Local maximum/minimum of a cubic function

I have a question that gives me the derivative graph (but not the function itself) of a cubic Function. The g '(x) is a parabola and is attached below:

Given the graph of g '(x), sketch g "(x) and a possible graph of g(x). Identify the following:

a) The interval where g(x) is increasing and decreasing

b) The local maximum and minimum points of g(x)

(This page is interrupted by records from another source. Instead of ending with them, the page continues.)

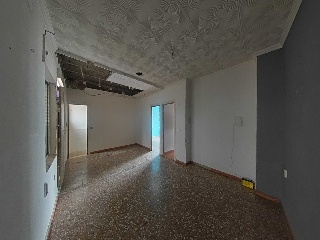 Palmar 14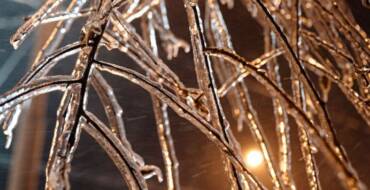 Balade Gourmande de Noël – sur inscription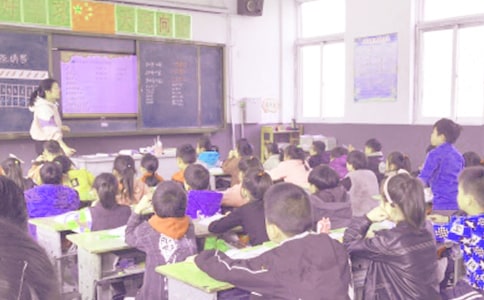 ������ý�ѧ��˼15ƪ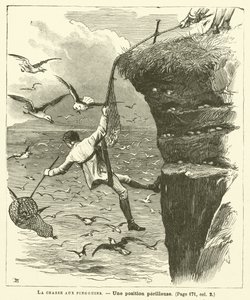 La Chasse Aux Pingouins da French School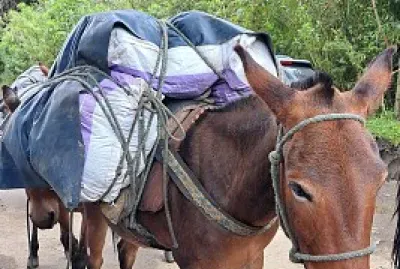 Transporte  en el eje cafetero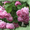 Садовое растение Роза от Bahor Gullari!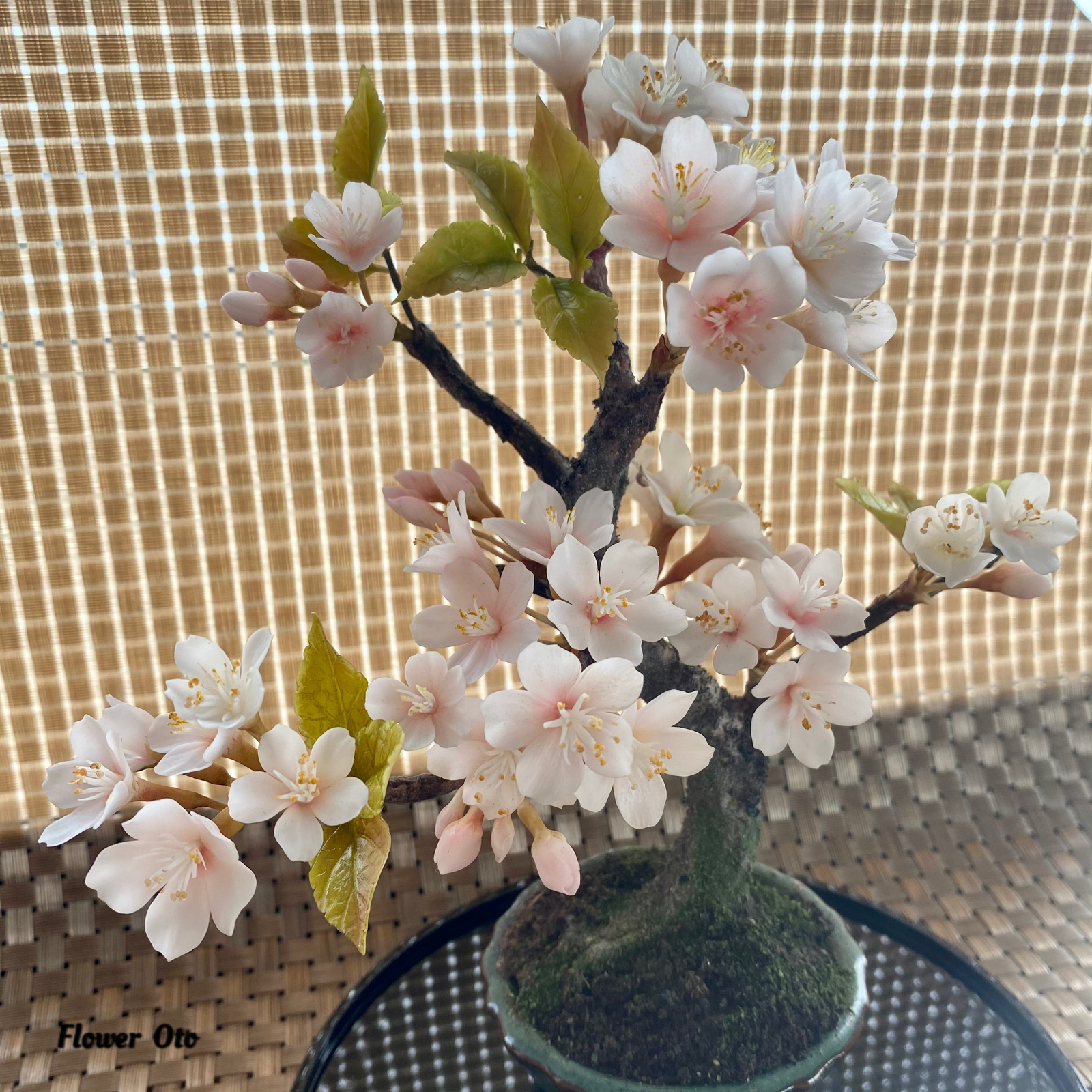 専用　桜の盆栽　樹脂粘土 　　　　　クレイフラワー 🌸桜の盆栽🌸パンフラワー クレイフラワー 樹脂粘土 フラワー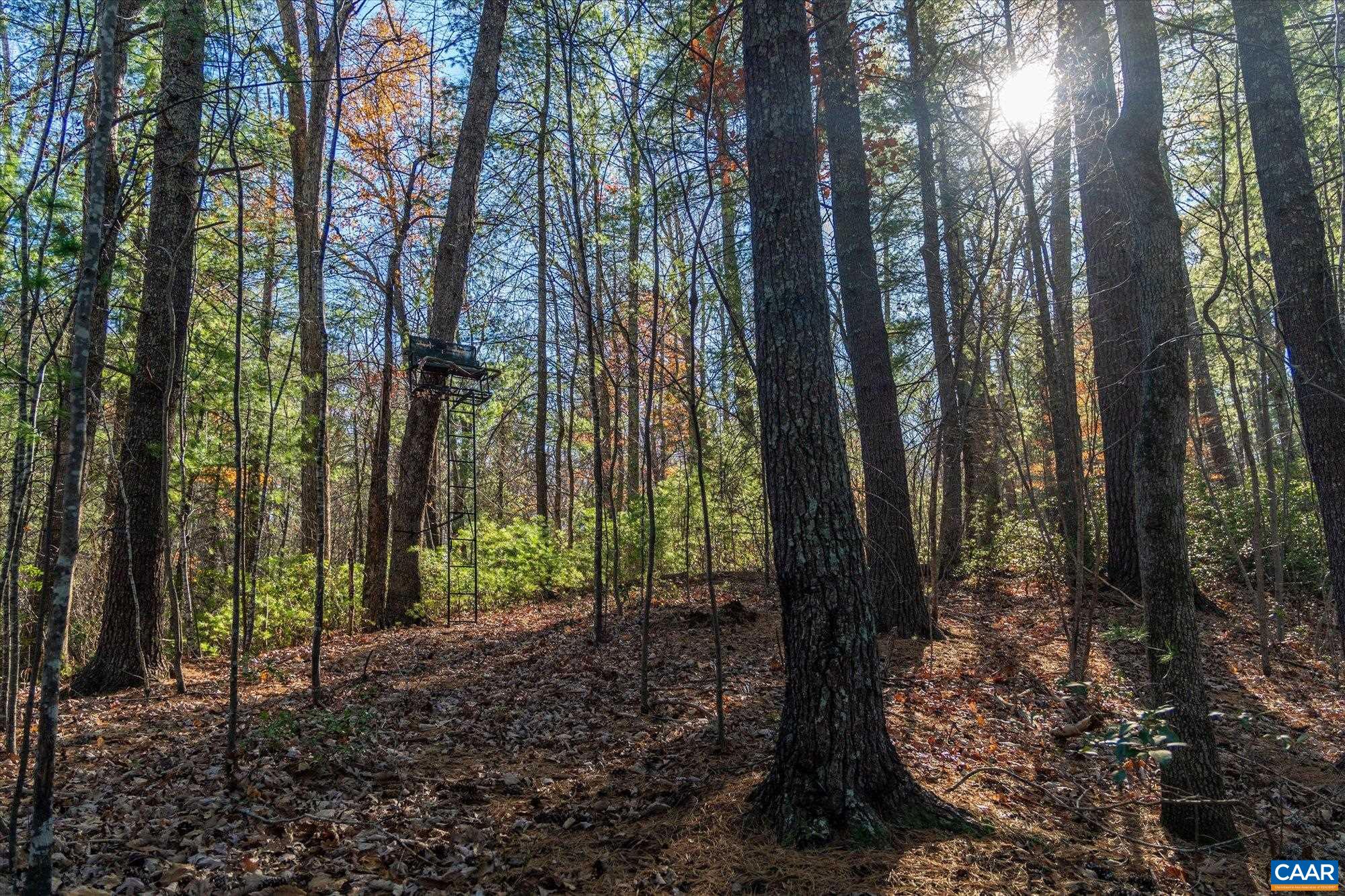 6424 Free Union Road Free Union, VA 22940 - Photo 48 of 57 a view of outdoor space and green space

c) The intervals where g(x) is concave up and concave down

I have figured out the intervals where g(x) is increasing and decreasing as:

g '(x) > 0 when x < -5 and x > 1, therefore, g(x) is increasing

g '(x) < 0 when -5 < x < 1, therefore, g(x) is decreasing.

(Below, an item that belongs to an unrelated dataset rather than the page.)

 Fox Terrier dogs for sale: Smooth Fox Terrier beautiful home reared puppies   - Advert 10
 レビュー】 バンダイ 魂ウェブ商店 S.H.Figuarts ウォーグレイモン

I have also attached what I have graphed as g(x) and g "(x).

Could anybody help me with finding the local maximum and minimum of g(x). I'm kind of stuck...

http://i299.photobucket.com/albums/m...976/maxmin.jpg

http://i299.photobucket.com/albums/m...2010_00000.jpg
March 2nd 2010, 01:48 PM
Soroban

Hello, Jools!

Quote:

I have a question that gives me the derivative graph of a cubic function.
The graph of $g'(x)$ is a parabola and is attached below.

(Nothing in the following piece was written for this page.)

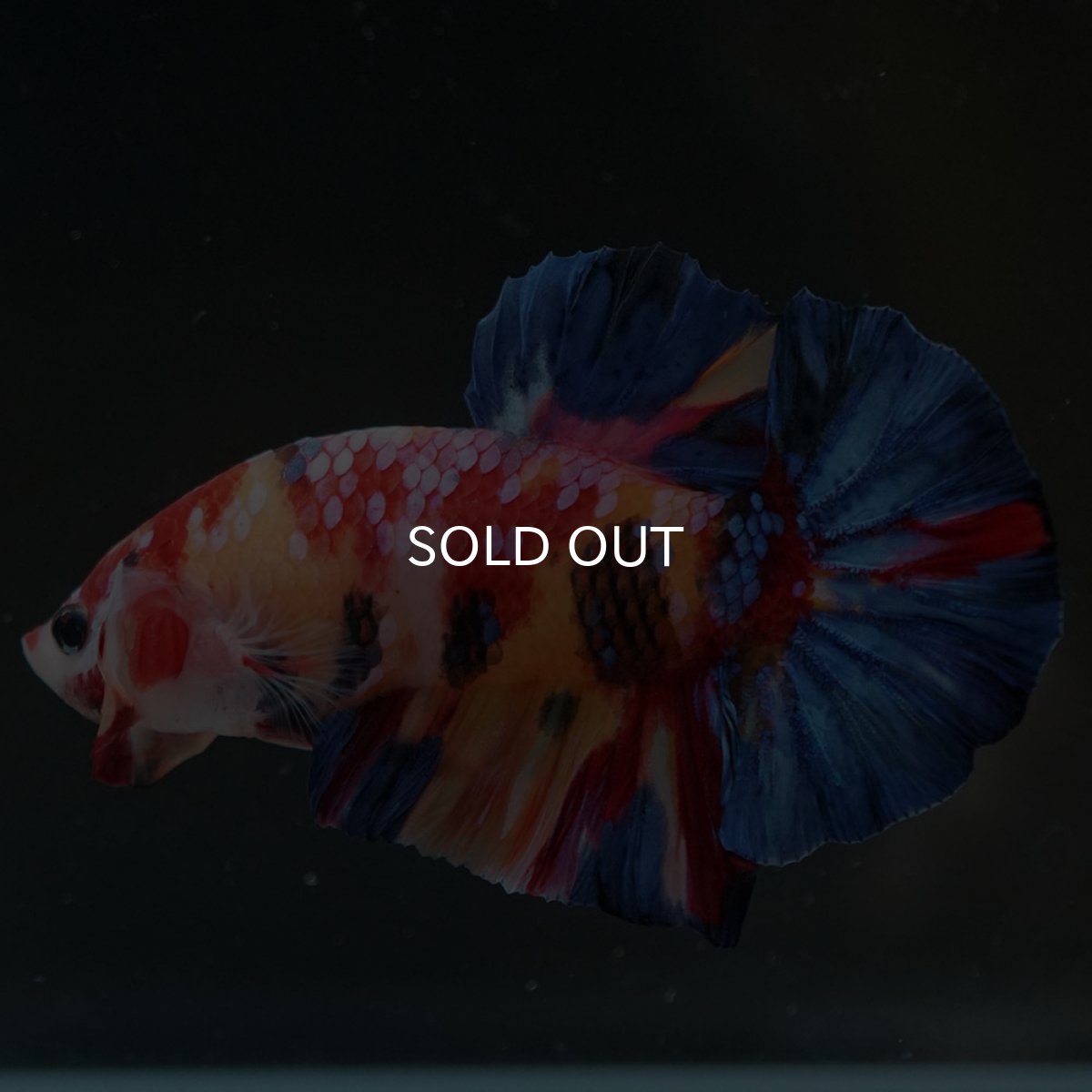 画像2: HMPK　キャンディギャラクシー (2)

Given the graph of $g '(x)$ , sketch $g''(x)$ and a possible graph of $g(x).$

Identify the following:

a) The intervals where $g(x)$ is increasing and decreasing

b) The local maximum and minimum points of $g(x)$

c) The intervals where $g(x)$ is concave up and concave down

I have figured out the intervals where g(x) is increasing and decreasing as:

. . $\begin{array}{cccc}g'(x) > 0 &\text{when }x < -5\,\text{ or }\,x > 1 & g(x)\text{ is increasing} \\<br /> <br /> g '(x) < 0 & \text{when }-5 < x < 1 & g(x)\text{ is decreasing} \end{array}$ . Right!

I have also attached what I have graphed as $g(x)$ and $g''(x)$ . Correct!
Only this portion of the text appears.